Progress that’s worth price at Trade Center

The preliminary audit of the Port Authority in many regards only highlighted the obvious: that the agency is facing a huge debt exacerbated by the redevelopment of the World Trade Center.

The audit identified the W.T.C. project as the root of the authority’s financial woes, principally due to added costs associated with completing the National 9/11 Memorial by the attack’s 10-year anniversary. The audit states that the project’s price tag increased from $11 billion in 2008 to a current estimated cost of $14.8 billion.

We find it’s no coincidence that the year 2008 also happens to be when former Port Executive Director Chris Ward took the helm. Governors Andrew Cuomo and Chris Christie were quick to pin the “dysfunction” of the agency — following the public outcry over last year’s toll increases — on Ward and to award a $2 million contract to a consulting firm to perform the audit.

As with any audit, there were suggestions of cost-cutting measures, including requiring employees to pay into their healthcare plans.

We must remember that these are typical areas that auditing firms tend to focus on to trim the fat at any corporation or city or state agency, and that, while many media outlets jumped on the opportunity to slam the Port, they failed to concede that any mammoth redevelopment project spread over many years reasonably entails budget changes and unexpected costs. To think the agency could have met the 10-year anniversary date for the memorial’s completion without cost overruns — which were directly attributable to dealing with third parties, such as New York City, the M.T.A., Silverstein Properties and the 9/11 Memorial Foundation — is shortsighted at best. Mayor Bloomberg acknowledged this fact, calling it “naive” to not expect ballooning costs in the rebuilding of “perhaps the most complex construction project in the history of the world.”

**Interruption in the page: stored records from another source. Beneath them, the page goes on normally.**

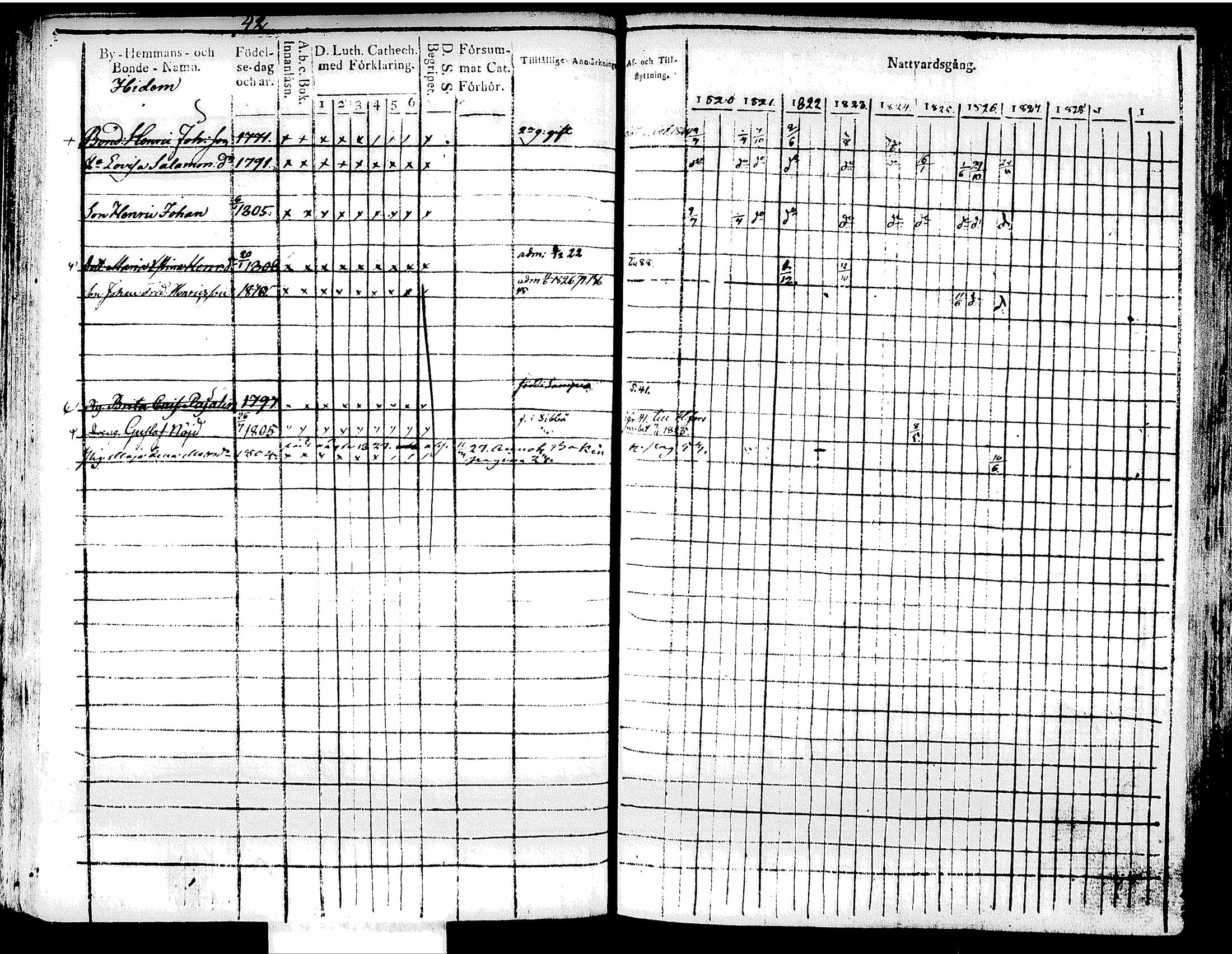 [ ../kirjat/Kirkonkirjat/tuusula/rippikirja_1820-1827_tk317/kuvat/52.jpg ]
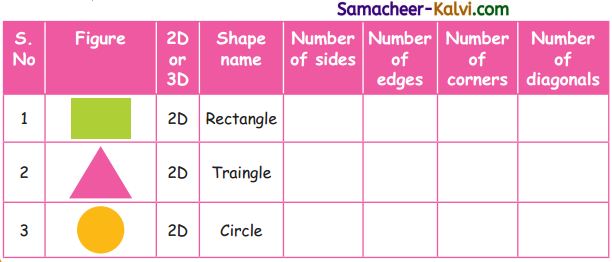 Samacheer Kalvi 3rd Maths Guide Term 1 Chapter 1 Geometry 6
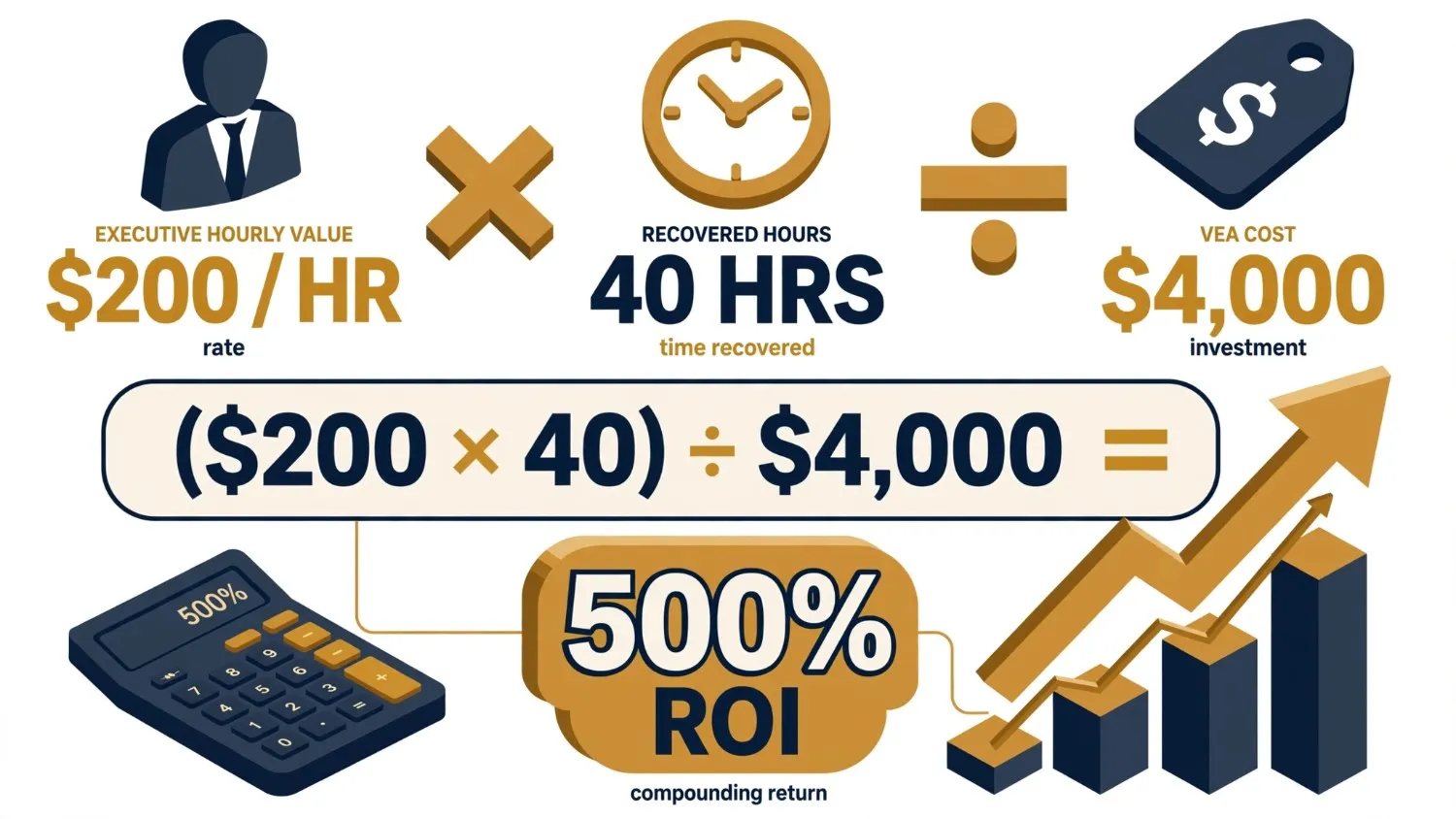 how-to-calculate-roi-virtual-executive-assistant-investment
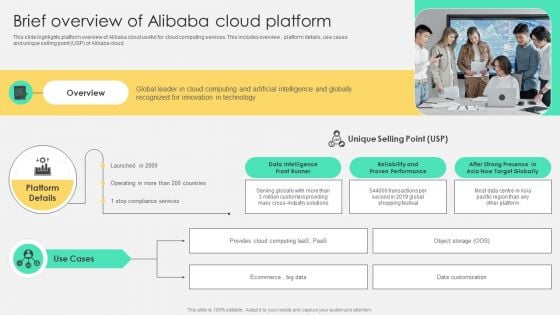 Brief Overview Of Alibaba Cloud Platform Rules PDF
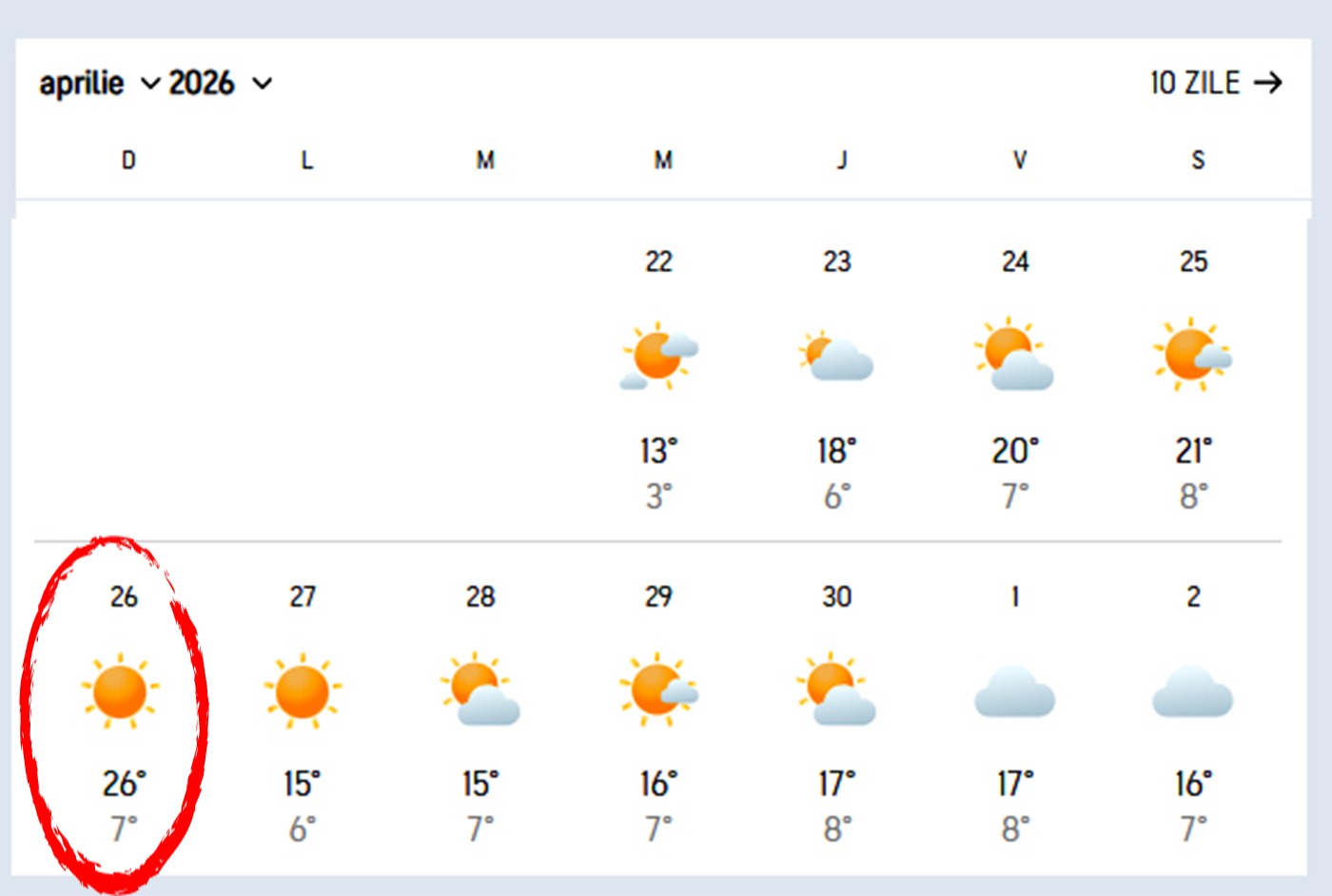 Meteorologii Accuweather anunță o nouă zi 
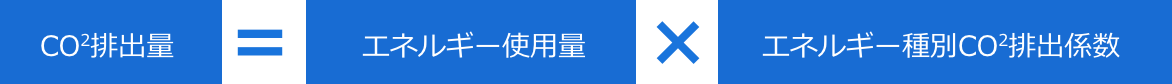 CO2排出量＝エネルギー使用量×エネルギー種別CO2排出係数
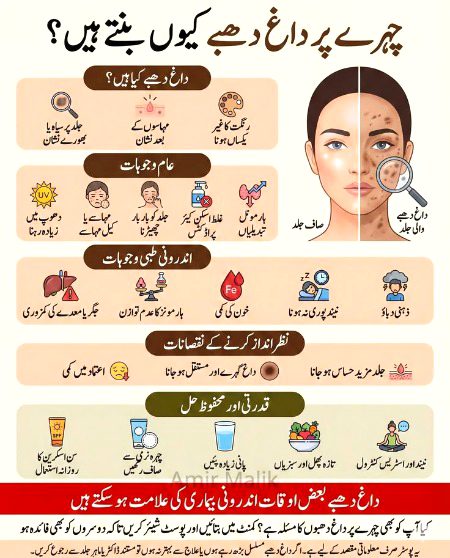 Health & Beauty image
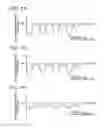 Fig. 07 - Control device for hybrid vehicle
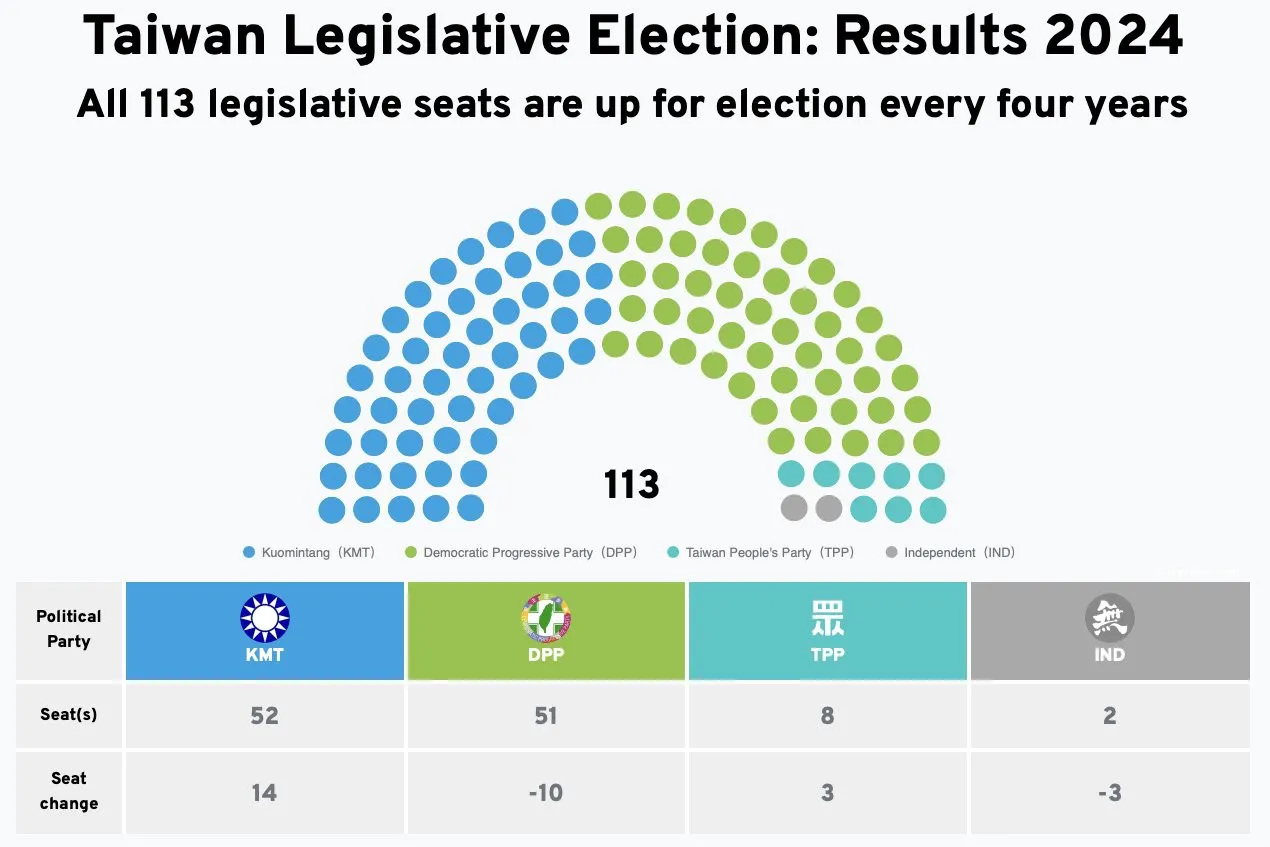 Resultados de las elecciones al Yuan legislativo.
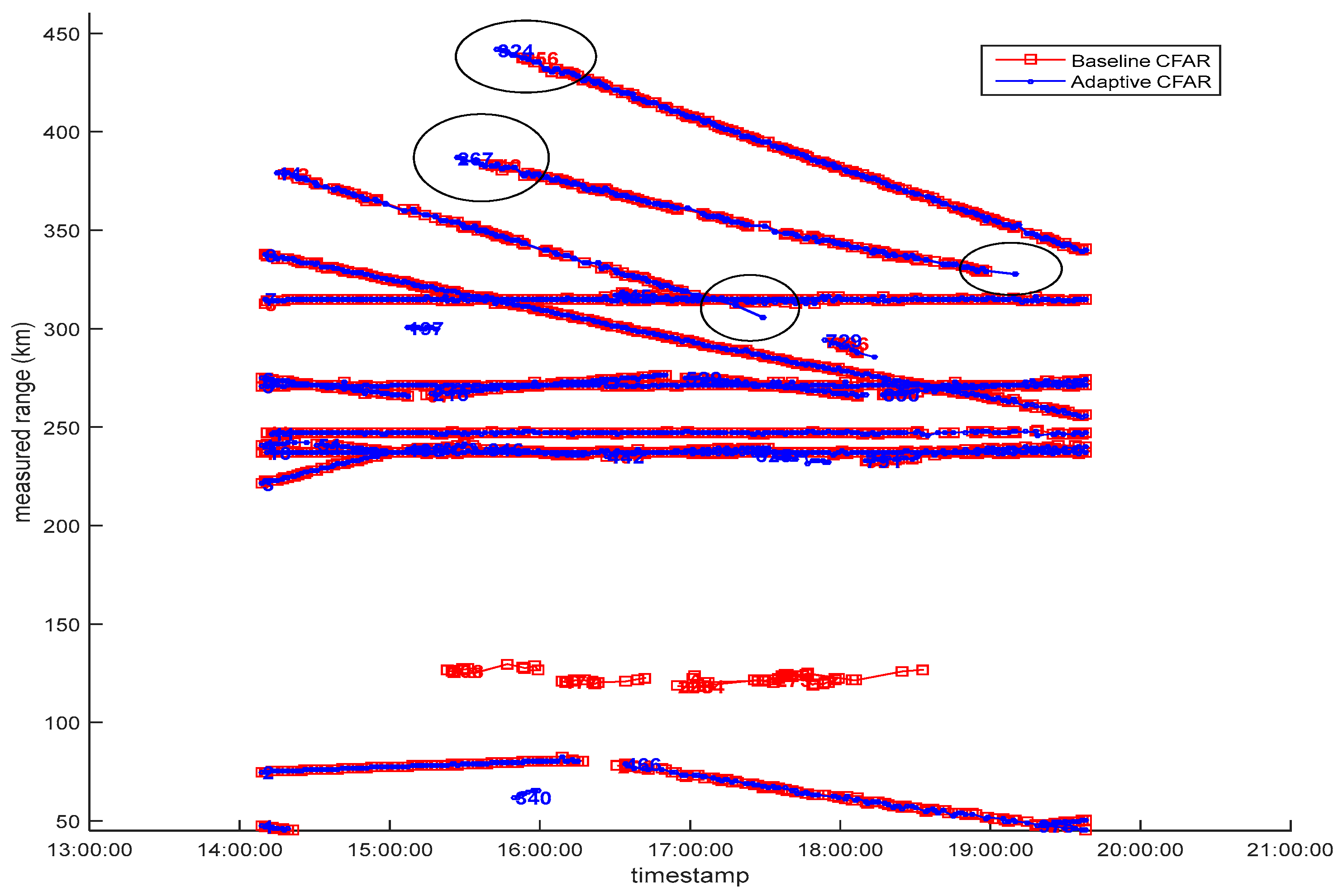Sensors 17 01588 g011 550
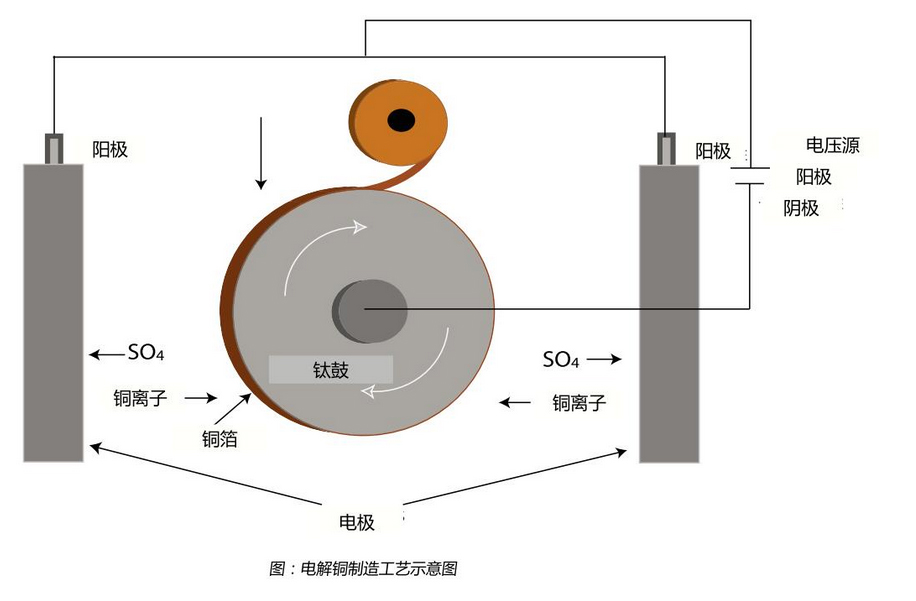 Electrolytic Copper Foil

Bloomberg also pointed out an important fact barely mentioned in the audit — that the $1 billion surplus for the tenant fit-out of One W.T.C. wasn’t included in the project’s original budget calculations.

The audit does acknowledge the adversities the agency endured during the last 20 years, from the February 1993 W.T.C. bombing to 9/11, the latter which resulted in the death of its then-executive director, Neil Levin, along with 83 other employees. Needless to say, one of the adversities is managing a project of this length and complexity through four governors apiece for New York and New Jersey and four heads of the Port Authority.

In particular, the Port must resolve its prolonged deadlock with the 9/11 Memorial Foundation over unanticipated construction costs as quickly as possible. It is unacceptable that work on the 9/11 Memorial Museum has slowed significantly due to a disagreement over the project’s finances.

As much as we must recognize these financial hurdles, it’s important not to forget the poignant milestones that were met. Completing the memorial by the one-decade anniversary was a strong first step. The audit tells nothing of the emotions that were felt when One W.T.C. finally started rising and when family members of those who died on 9/11 stepped foot on to the memorial site last September.

What would the costs have been if we had to stand up in front of the city, the nation and the world and admit we couldn’t get the job done?